The Attempt at a Solution

(from eq 2),
$$dy/dx = y - z$$ --- eq (3)
(substituting eq 3 in eq 1),
$$\therefore dz/dx = z - 4y$$
$$\therefore dz = (z - 4y)dx$$
$$but, dy/(y - z) = dx$$
$$\therefore dz = \frac{(z - 4y)}{(y - z)} dy$$
$$\therefore dz = \frac{(z - 4y)}{(y - z)} dy$$

I am now having trouble separating the variables. Help would be appreciated.

 

[micromass]

Hi Kleyton!

First, you'll need to put this in matrix form, so you've deduced that you have the system

$$\left\{\begin{array}{c}<br /> \frac{dy}{dx}=y-z\\<br /> \frac{dz}{dx}=-4y+z<br /> \end{array}\right.$$

So, putting this in matrix form yields

$$\left(\begin{array}{c}\frac{dy}{dx}\\ \frac{dz}{dx}\\ \end{array}\right) = \left(\begin{array}{cc} 1 & -1\\ -4 & 1\\ \end{array}\right)\left(\begin{array}{c} y\\ z\\ \end{array}\right)$$

Now, what do you know about solving these kinds of systems, that is differential equations of the form $y^\prime=Ay$ (with A a matrix and y is multi-valued function)?

 

[kleyton]

Thanks for pointing that out.

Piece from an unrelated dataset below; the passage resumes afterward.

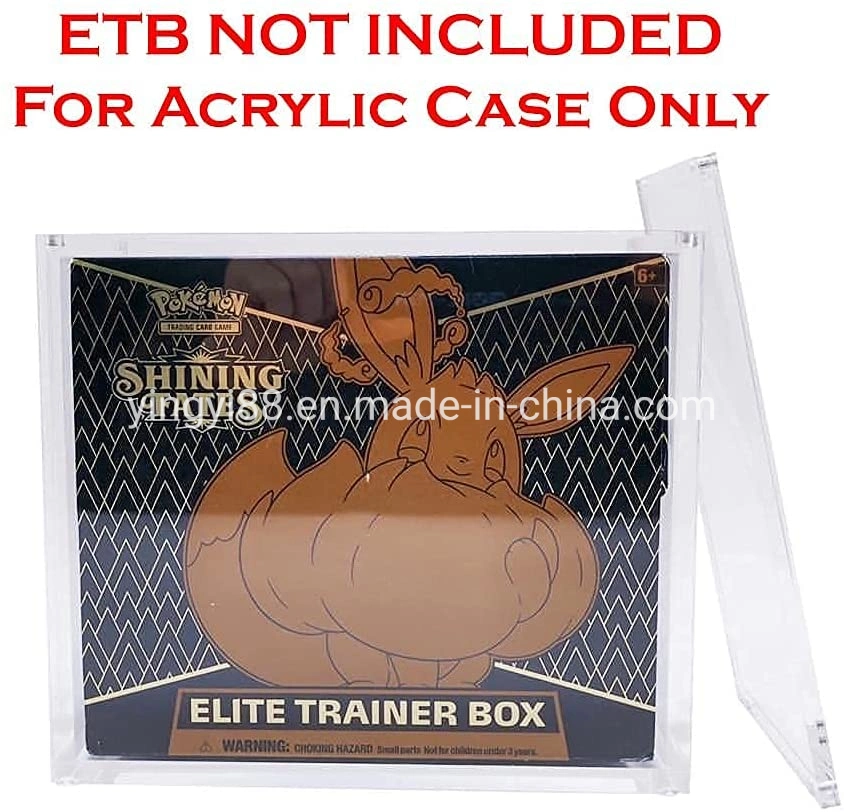 Yyb حجم مخصص 4 مم سمك مختلط 8 مم بوكيمون Elite Trainer واقيات صندوقي علبة ETB Acrylic مع إغلاق مغناطيسي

Never looked at the problem that way.
I think it is a eigenvalue problem.
$$\begin{vmatrix}\begin{bmatrix} 1 & -1 \\ -4 & 1 \end{bmatrix}- \lambda \begin{bmatrix} 1 & 0 \\ 0 & 1 \end{bmatrix}\end{vmatrix} = 0$$
And I solve for lambda and get $$\lambda_{1} = 3$$and$$\lambda_{2} = -1$$
How would I proceed then ?

 

[micromass]

So, I take it you want to take the matrix exponential of the matrix?? Finding the eigenvalues and checking whether the matrix is diagonalizable is a good first step. so check that first!

 

[kleyton]

I am not sure what you meant by 'diagonizable'.
But, I tried solving for the eigenvectors as follows (wiki):
$$\begin{pmatrix} 1 & -1 \\ -4 & 1 \end{pmatrix}\begin{pmatrix} \alpha \\ \beta \end{pmatrix} = \lambda \begin{pmatrix} \alpha \\ \beta \end{pmatrix}$$
This gave me,
$$\hat{v_{1}} = \begin{pmatrix} 1 \\ -2 \end{pmatrix}$$
and
$$\hat{v_{2}} = \begin{pmatrix} 1 \\ 2 \end{pmatrix}$$
Thus, I get the solution as,
$$y = Ae^{3x} + Be^{-x}$$
$$z = -2Ae^{3x} + 2Be^{-x}$$
Since there is no initial condition given, how would I solve for A and B ?
edit: Actually I am not sure how far I am expected to solve this. The question just said "Solve the simultaneous differential equation". Also the next question replaces the RHS with sinx and cosx. Would that change the way I solve the problem ?

 

[micromass]

Uuh, ok, that is correct. I'm kind of surprised on how you did that without diagonalizing...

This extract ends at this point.